Affairs and jealousy - The green eyed monster
Most of us will experience feelings of jealousy in our relationship from time to time.
Some times we can laugh them off; other times they might cause us anxiety.
Mild feelings of jealousy can be a good thing - they often remind us not to take our partner for granted - but when jealousy becomes extreme or obsessive it can ruin a relationship.
But where does jealousy stem from? Often it's linked to something in your past which has left you with a sense of insecurity. If you're insecure about your relationship and very dependent on your partner then you're likely to be jealous; it's often worth exploring where your feelings of insecurity might come from and talking honestly to your partner about them.
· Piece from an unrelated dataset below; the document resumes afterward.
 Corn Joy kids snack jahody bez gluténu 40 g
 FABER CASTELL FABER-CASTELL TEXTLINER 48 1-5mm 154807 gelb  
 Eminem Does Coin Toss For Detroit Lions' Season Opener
There are as many reasons why people have affairs but usually an affair is a sign that something needs to change.
Having an affair isn’t always about sex - but they are always about a breach of trust between you and your partner. Trust is essential in any relationship, and it's something we often take for granted, so finding out your partner has had an affair is not only very upsetting, it's often a huge shock.
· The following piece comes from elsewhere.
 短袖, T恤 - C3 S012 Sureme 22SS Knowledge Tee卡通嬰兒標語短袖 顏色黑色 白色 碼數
If you're the one who has had an affair then you'll need to work hard at reassuring your partner they can trust you again. If it's your partner who has had the affair you may feel insecure and jealous for a long time.
But as time passes and trust is restored you'll find yourself feeling more secure and confident about your relationship. No one can tell you how long it will take or how to rebuild your relationship, or even if you should try and work it out. At first it may feel that your relationship is over, but many relationships do survive affairs and end up being stronger over time.
An affair will nearly always bring about a change in a relationship - but it doesn't always spell the end.